VE DAVUTOĞLU

Yazan: Turgut Koçak 21 Ağustos 2014

Bilindiği gibi Ahmet Davutoğlu’nun Dışişleri Bakanlığı koltuğuna oturması ile birlikte çöken ve de bir daha ayağa kalkamayacak denli bozulan bir dış politikaya tanıklık ettik. AKP iktidarının komşularımızla “sıfır sorun” olarak adlandırdığı politikalar birer birer gür diye yıkıldı ve yıkıntının altından binlerce sorun fışkırdı. AKP’nin dış politika olarak adlandırdığı politika; aslında uluslararası sermaye güçlerinin ve bu politikanın savaş gücü olan Amerika’nın poliikalarından başka bir şey değildi değil olmasına ya, AKP iktidarı toplumun bir kesimini sevindirmek için güya Osmanlıyı diriltme gayreti içindeymiş gibi bir hava verdi. Verilen bu hava ise sözümona Ahmet Davutoğlu’nun işe yaramaz, ısmarlama ve de stratejik derinliği olmayan sözüm ona Stratejik Derinlik isimli kitabında bu politika dile getirildi.

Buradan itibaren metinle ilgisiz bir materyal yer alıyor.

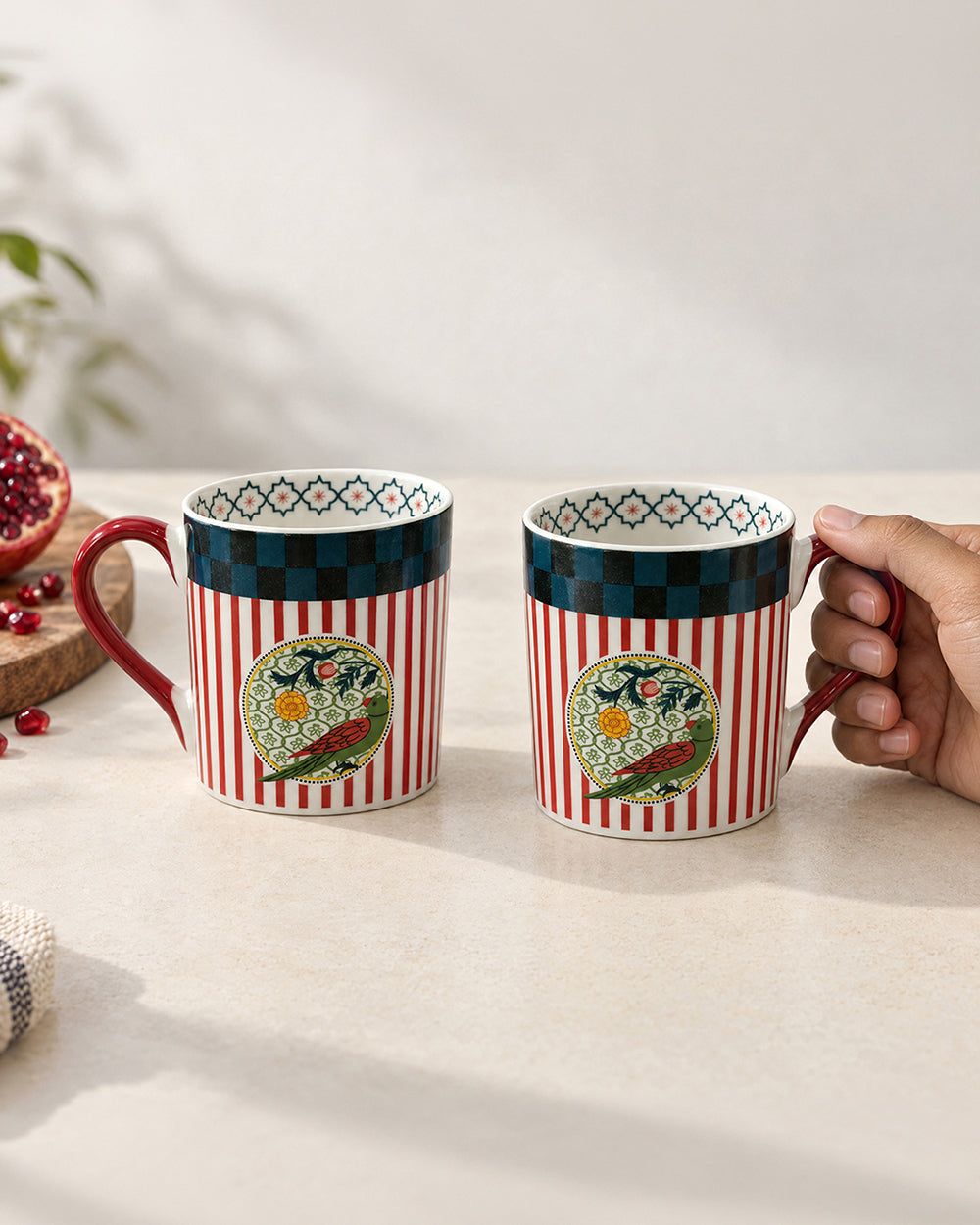 Polo Club Chai Mugs Set of 6 | Haveli Socials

Davutoğlu ve AKP içinde bu politikaya yatanlar arasında Osmanlıcılık bilenen bir şey olduğu için bu politika ejdat üfürüğü ile dualanarak piyasaya sürüldü. Ne var ki, evdeki pazar çarşıya uymadı ve önce bu politikayı sineye çekemeyecek olan emperyal güçler kıç attı. Doğal olarak Osmanlı düşünün uzandığı komşu ülkelerin toprakları sözkonusu olduğu için daha etkili bir tepki komşularımızdan da gelmekte gecikmedi. Gerçi AKP iktidarı ve bu iktidarın başı konumundaki Recep Tayyip Erdoğan emperyalist dünyanın taşeronu olarak kendisine verilen görevi harfiyyen yerine getirdi getirmesine ya, işler yine de tıkır tıkır işlemedi. Doğaldır, ne kadar eksiksiz plan yaptığınızı düşünürseniz düşünün en mükemmel planın bile zayıf yanları yine de bulunur. Kaldıki AKP iktidarının bu yöndeki planı baştan aşağı delik deşik ve her türlü maddi dayanaktan yoksundu.

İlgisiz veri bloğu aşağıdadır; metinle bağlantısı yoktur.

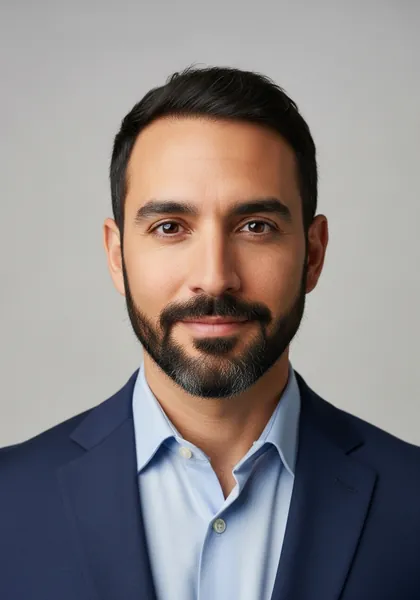 Portrait of Ben Garcia, Independent Advisor at Clear Sky Consulting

AKP iktidarı bu planın en iyi uygulayıcıları olarak İslami terör örgütlerini seçti ve onlarla sıkı bağlar geliştirdi. Onları örgütlemek için İstanbul başta onlara toplantılar ayarladı. Bu toplantılarda da emperyalist dünyanın desteği arandı. Başlangıçta bu destek bulundu da. Çünkü ABD emperyalizmi Beşar Esad’sız bir Suriye’nin İsrail’in geleceği açısından daha uygun düşeceğini düşünüyordu. Bu yüzden de ABD’ye göre Esad devrilmeliydi. Emperyalist güçler harekete geçti. Suriye Güney’den Ürdün ve Suudi Arabistan, kuzeyden de Türkiye tarafından kuşatma altına alındı. Suriye topraklarına terör örgütlerinin elemanları sokularak Suriye’de eyleme geçmeleri sağlandı. En etkili desteği ve terörist geçişini ise AKP iktidarı yerine getirdi. Bir yandan da bu terörist grupları yedirdi, içirdi, silahlandırdı, bunlara destek verecek artçı grupları ise sözde savaştan kaçtıkları bahanesi ile Türkiye topraklarına soktu. Başlangıçta ÖSO adı altında toplanmak istenen bu terör örgütleri kısa zamanda kendi asıllarına döndüler ve El Kaide, El Nusra, Müslüman Kardeşler ve IŞİD olarak insanlık dışı eylemlemlere imza atmaya başladılar. Hiç kuşku yok ki, bu insanlık dışı eylemler yapılırken Ahmet Davutoğlu bir bakmışsınız Amerika’da, bir bakmışsınız ki Avrupa’daki ülkelerin başkentlerinden birinde. Sanırsınız ki, stratejik derinliğin mimarı büyük işler kotarıyor. Oysa bu zatı muhteremin işi, Suriye’ye müdahale edilmesi ve Beşar Esad iktidarının devrilmesi için yalvar yakar olmaktan öte bir şey değildi. Bununla birlikte kamuoyuna verilen bilgi Dışişleri Bakanı olan Ahmet Davutoğlu’nun çok çalıştığı şeklindeydi.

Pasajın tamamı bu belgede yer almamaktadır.